# Predictions, part I
- drop columns: no
- normalization: no
- hyperparameter tuning: no
- one-hot encoding: yes, the dataset was found encoded
- oversampling: no

In this session, I tested every model's performance on unscaled dataset.\
**RandomForestClassifier seems like the best performer**, as a standalone model, and as a base estimator to 2 ensemble methods.\
These are the best accuracy scores, expressed in %, sorted in descending order:

- RandomForestClassifier = 86.31
- BaggingClassifier(RandomForestClassifier) = 86.18
- AdaBoostClassifier(RandomForestClassifier) = 86.01
- DecisionTreeClassifier = 82.35
- GradientBoostingClassifier = 81.49
- LogisticRegression = 79.94
- KNeighborsClassifier = 77.2

In the next session, I will scale the data and repeat these tests, to compare the scores.

# train_test_split

In [None]:
%run common_imports.py

df = pd.read_csv("../data/02.csv")
features = df.drop(columns=["is_canceled"])
target = df["is_canceled"]

X_train, X_test, y_train, y_test = train_test_split(features, target, test_size=0.20, random_state=0)
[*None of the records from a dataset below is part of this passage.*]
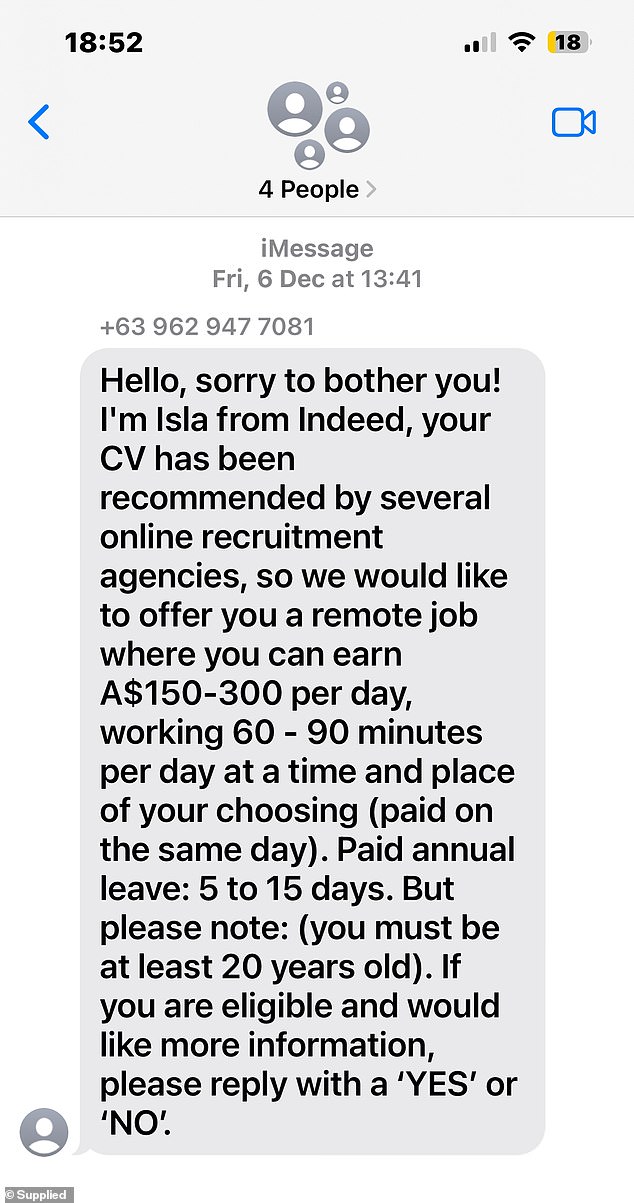 Isla's text from 'Indeed.com' (pictured) seemed legitimate to Ms Peters as she had just updated her work profile on the platform to say she was looking for work from home to supplement her income .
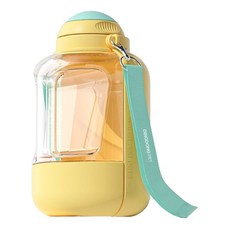 DING DONG PET 寵物 2合1 大尺寸便攜式水瓶, 黃色, 1個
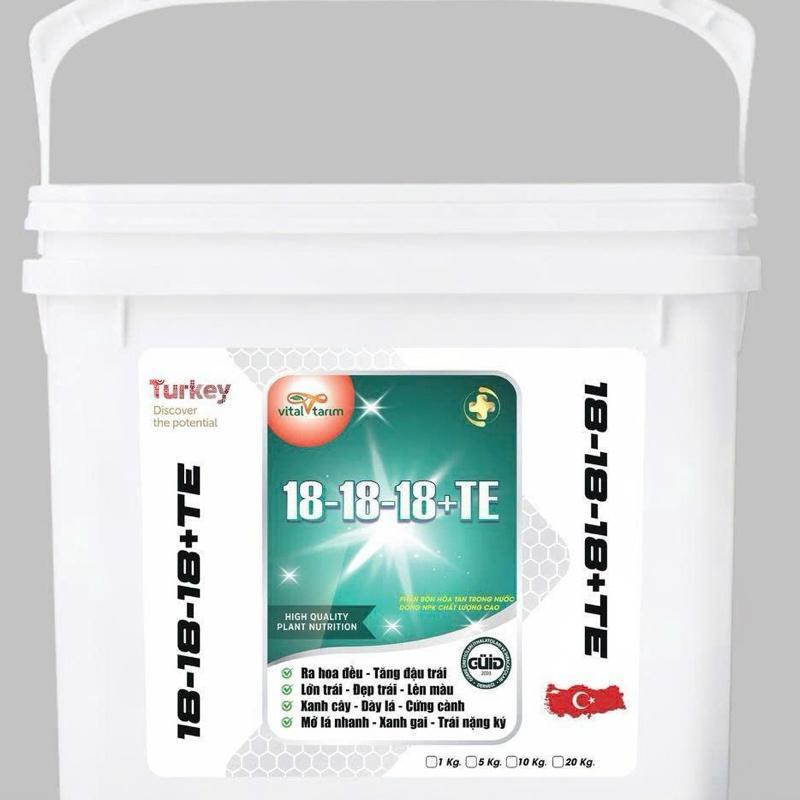 NPK 18-18-18+TE Xô 10kg Nhập Khẩu Thổ Nhĩ Kỳ - Dưỡng Bông, Nuôi Trái - Xanh Cây, Dày Lá, Cứng Cành -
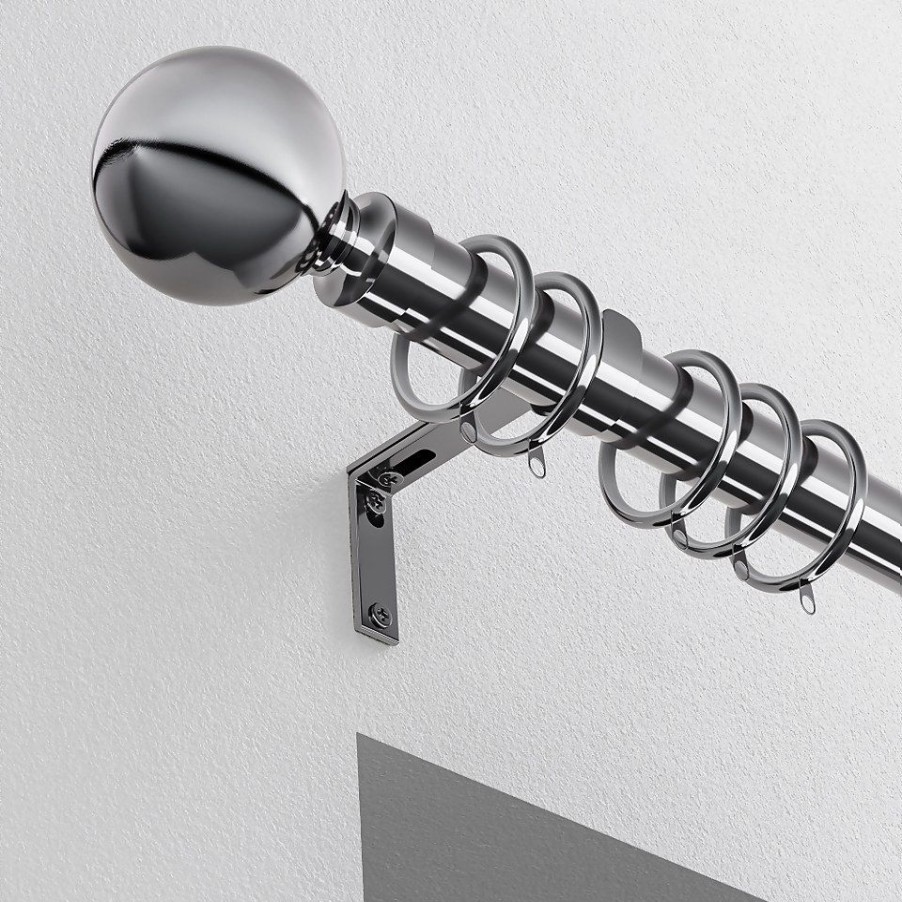 Homebase Curtain Poles & Tracks | Chrome Metal Curtain Pole With Ball Finial - 240Cm (Dia 28Mm)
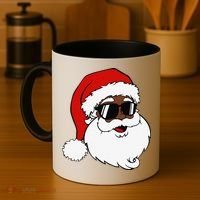 Black Funny Santa Claus Sunglasses Christmas Xmas Coffee Mug thumb 4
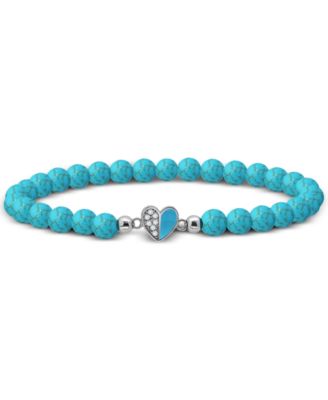 Howlite Chryscolla Bead & Cubic Zirconia Heart Stretch Bracelet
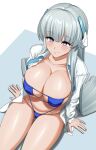  1girl arm_support bare_shoulders bikini blue_archive blue_bikini blue_eyes blunt_bangs blush breasts cleavage closed_mouth collarbone eyepatch_bikini grey_hair hair_ornament halterneck highres jacket large_breasts long_hair long_sleeves looking_at_viewer medium_breasts navel noa_(blue_archive) off_shoulder open_clothes open_shirt p-tree purple_eyes shiny_skin shirt sidelocks simple_background sitting smile solo stomach string_bikini swimsuit thighs very_long_hair white_background white_shirt 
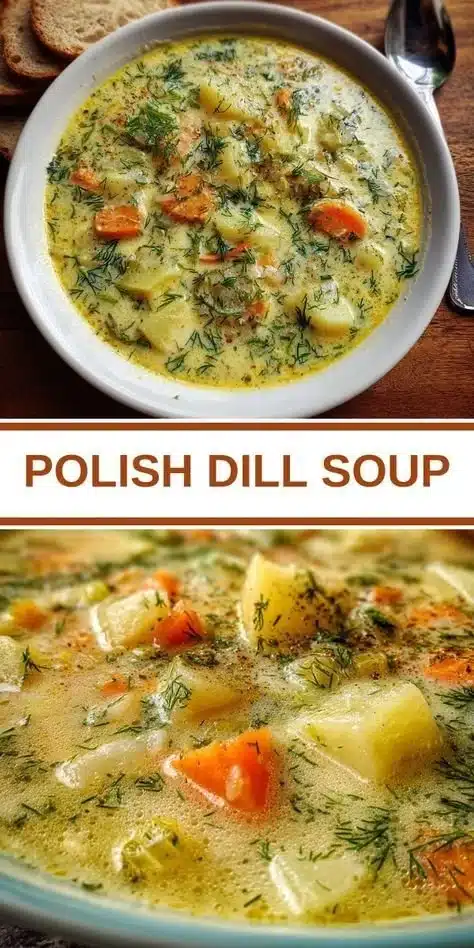 A bowl of Polish Dill Soup garnished with fresh dill and served with bread.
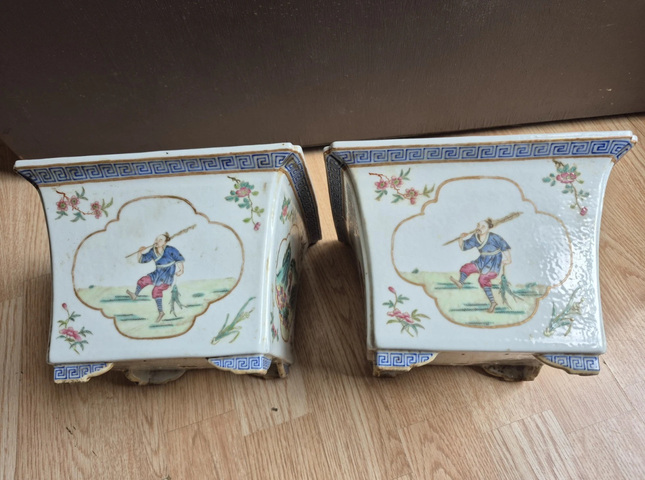 古玩陶瓷民國 粉彩人物四方花盆真品鑒賞圖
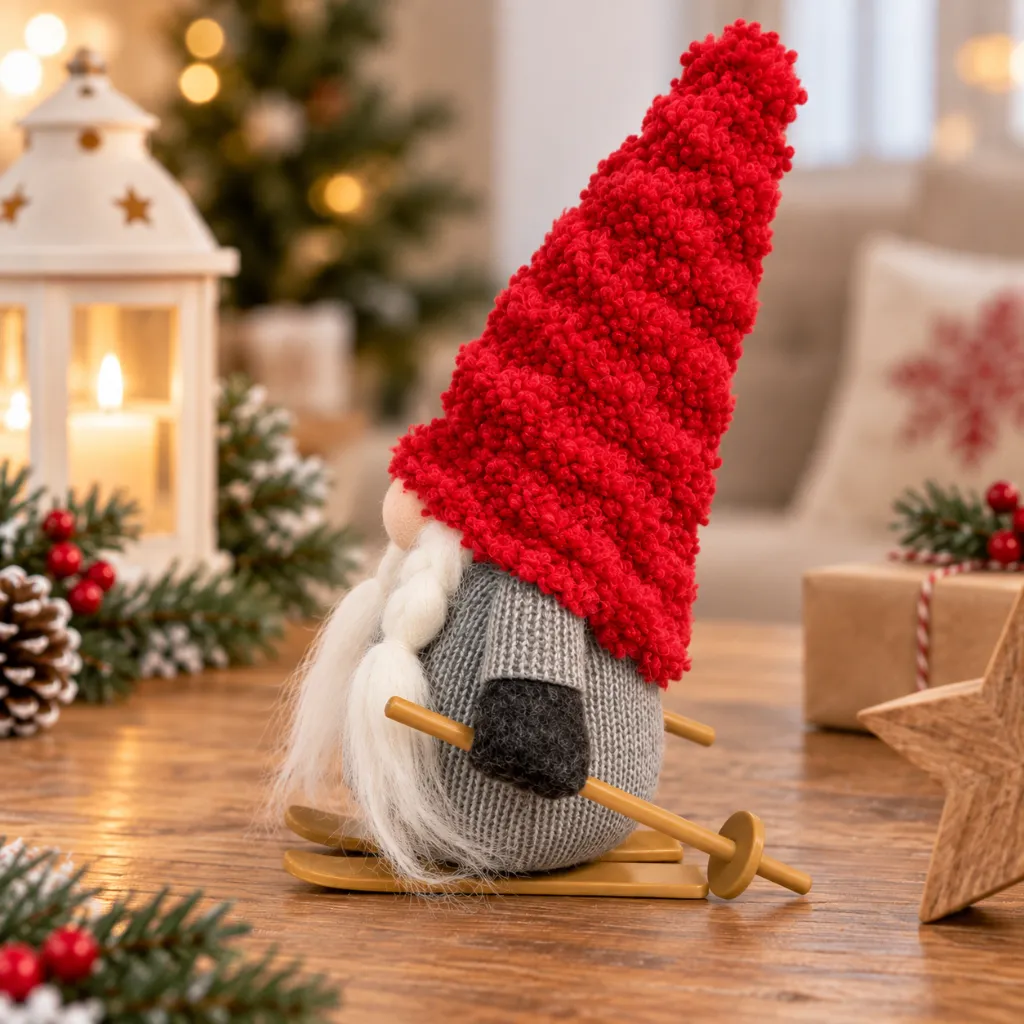 Dekofigur Wichtel mit Ski 20 cm rote Zipfelmütze Weihnachtsdeko – Galeriebild 1, Artikelnummer 18500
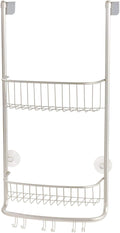 iDesign Forma Bathroom Over The Door Shower Caddy with Storage Baskets Shelves for Shampoo, Conditioner, Soap, Set of 1, Satin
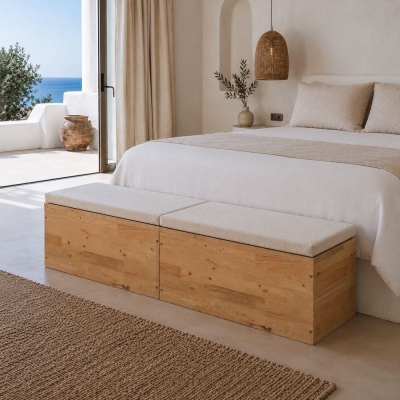 Ξύλινο παγκάκι- μπαούλο Nextdeco Natural Υ39x40x80εκ.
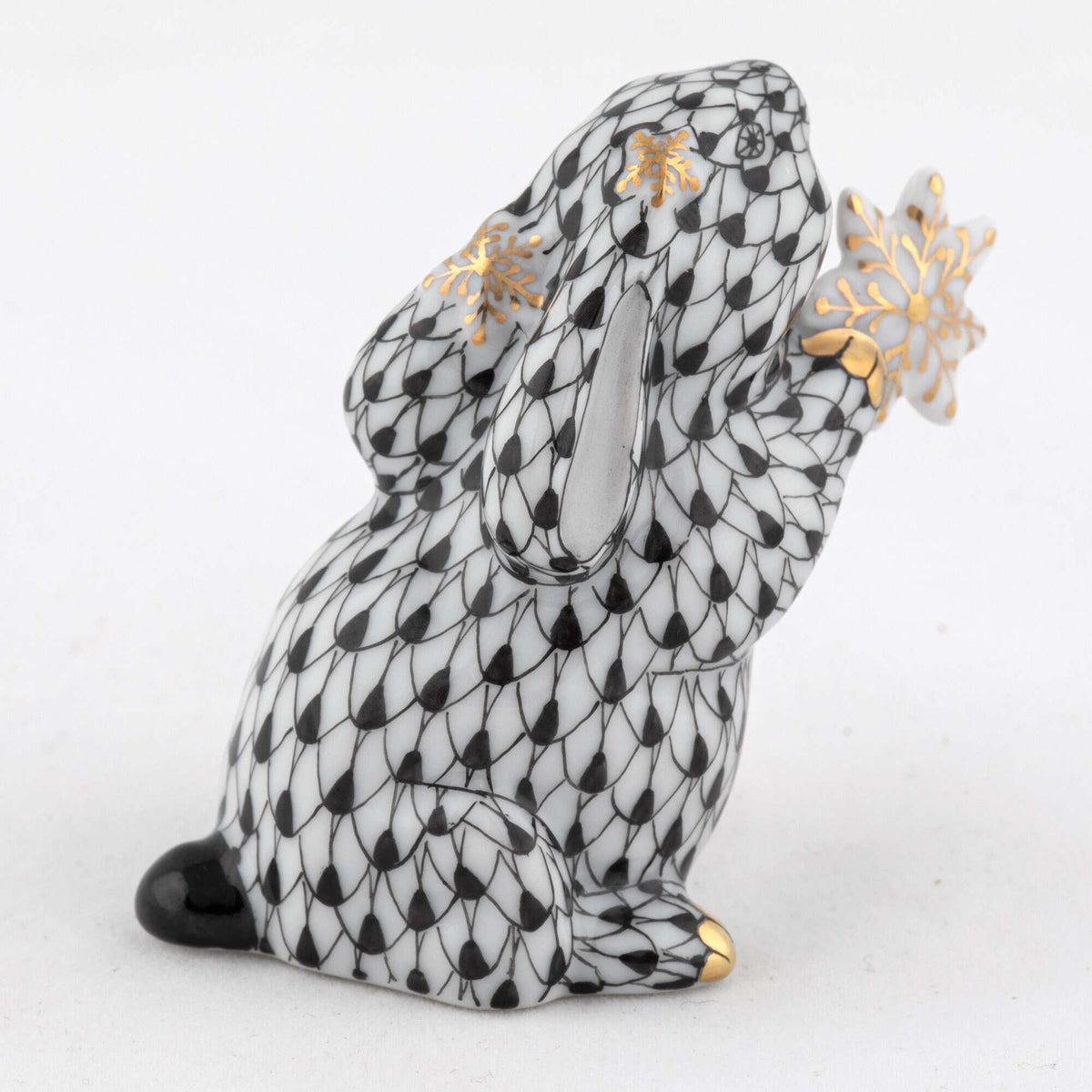 Herend Snowflake Bunny Figurine – Black, alternate view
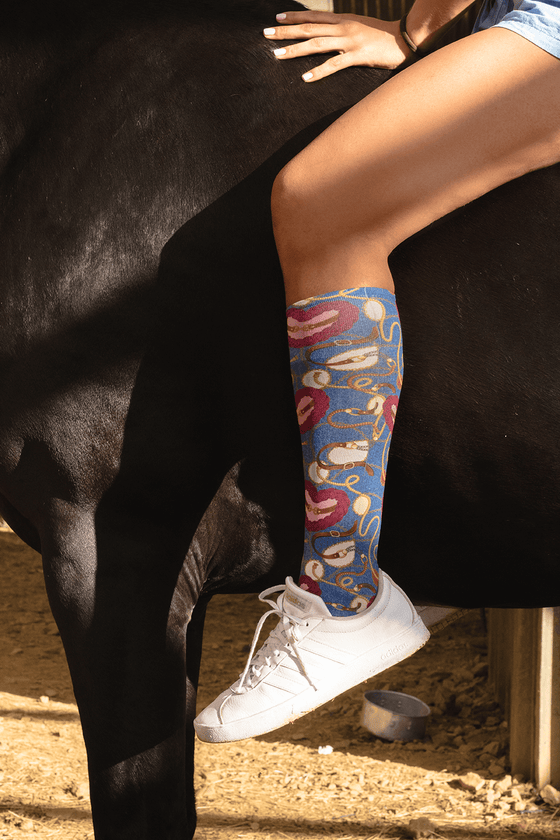 Denim Love Tack Adult Knee Highs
display(X_train.head(), "")
display(y_train.head(), "")

## Models

In [None]:
# KNeighborsClassifier = 77.2

knn = KNeighborsClassifier()
display(knn.fit(X_train, y_train), "")

accuracy = knn.score(X_test, y_test) * 100
print(f"KNN accuracy is {accuracy:.2f}% \n")

pred = knn.predict(X_test)
print(classification_report(y_pred = pred, y_true = y_test), "\n")

In [None]:
"""
LogisticRegression = 79.94

- top 5 features by absolute coefficient
  - deposit_type_No_Deposit 1.97
  - deposit_type_Non_Refund 1.69
  - previous_cancellations 1.27
  - required_car_parking_spaces 0.98
  - market_segment_Offline_TA_TO 0.78
"""

lr = LogisticRegression()
display(lr.fit(X_train, y_train), "")

accuracy = lr.score(X_test, y_test) * 100
print(f"Logistic Regression score is {accuracy:.2f}% \n")

pred = lr.predict(X_test)
print(classification_report(y_pred=pred, y_true=y_test), "\n")

# individual coefficients
coefficients = lr.coef_[0]
feature_names = X_train.columns
coefficients_df = pd.DataFrame({"Feature": feature_names, "Coefficient": coefficients})
coefficients_df["Absolute Coefficient"] = abs(coefficients_df["Coefficient"])
coefficients_df[["Coefficient", "Absolute Coefficient"]] = coefficients_df[["Coefficient", "Absolute Coefficient"]].round(2)
coefficients_df = coefficients_df.sort_values(by="Absolute Coefficient", ascending=False)
display(coefficients_df)

In [None]:
"""
DecisionTreeClassifier = score 82.35

- tree importance:
  - 'deposit_type_Non_Refund': '0.24',
  - 'lead_time': '0.16',
  - 'avg_daily_rate': '0.12',
  - 'arrival_date_day_of_month': '0.08',
  - 'arrival_date_week_number': '0.06',
  - 'total_of_special_requests': '0.06',
  - 'stays_in_week_nights': '0.04',
  - 'market_segment_Online_TA': '0.04',
  - 'stays_in_weekend_nights': '0.03',
  - 'previous_cancellations': '0.03',
  - 'required_car_parking_spaces': '0.02',
  - 'arrival_date_month': '0.01',
  - 'adults': '0.01',
  - 'children': '0.01',
  - 'previous_bookings_not_canceled': '0.01',
  - 'hotel_Resort': '0.01',
  - 'meal_BB': '0.01',
  - 'reserved_room_type_A': '0.01',
  - 'reserved_room_type_D': '0.01',
  - 'customer_type_Transient': '0.01'
"""

dt = DecisionTreeClassifier()
display(dt.fit(X_train, y_train), "")

accuracy = dt.score(X_test, y_test) * 100
print(f"Decision Tree accuracy is {accuracy:.2f}% \n")

pred = dt.predict(X_test)
print(classification_report(y_pred=pred, y_true=y_test), "\n")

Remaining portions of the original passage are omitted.